10. Il ne ressort pas des pièces produites devant le Conseil d’Etat que M. D. et autres, qui ont accusé réception du mémoire de la société Sogeprom Sud Réalisation soulevant, en cas de règlement de l’affaire au fond, une fin de non-recevoir tirée du défaut d’accomplissement des formalités exigées par l’article R. 600-1 du code de l’urbanisme devant le tribunal administratif de Toulouse, auraient accompli ces formalités en notifiant leur recours à l’auteur et au titulaire des permis de construire attaqués. Dès lors, le recours présenté devant le tribunal administratif de Toulouse ne peut qu’être rejeté comme irrecevable.
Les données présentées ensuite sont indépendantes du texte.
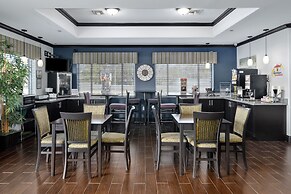 Super 8 by Wyndham Carthage TX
Sur les conclusions tendant à l’application des dispositions de l’article L. 761-1 du code de justice administrative :

11. Ces dispositions font obstacle à ce que la commune de Toulouse, qui n’est pas la partie perdante, verse à M. D. et autres la somme qu’ils demandent au titre des frais exposés et non compris dans les dépens.

12. Il y a lieu de mettre à la charge de M. D. et autres, sur le fondement des mêmes dispositions, les sommes de 1 500 € à verser à la société Sogeprom Sud Réalisation et 1 500 € à verser à la commune de Toulouse.

Décide :

Article 1er : Le jugement du tribunal administratif de Toulouse du 5 mars 2021 est annulé.

Article 2 : La demande de M. D. et autres devant le tribunal administratif de Toulouse est rejetée.

Article 3 : Le surplus des conclusions du pourvoi de M. D. et autres est rejeté.

Article 4 : M. D. et autres verseront solidairement les sommes de 1 500 € à la société Sogeprom Sud Réalisation et 1 500 € à la commune de Toulouse au titre de l’article L. 761-1 du code de justice administrative.

Article 5 : La présente décision sera notifiée à M. G. D., premier dénommé, pour l’ensemble des requérants, à la société Sogeprom Sud Réalisation et à la commune de Toulouse.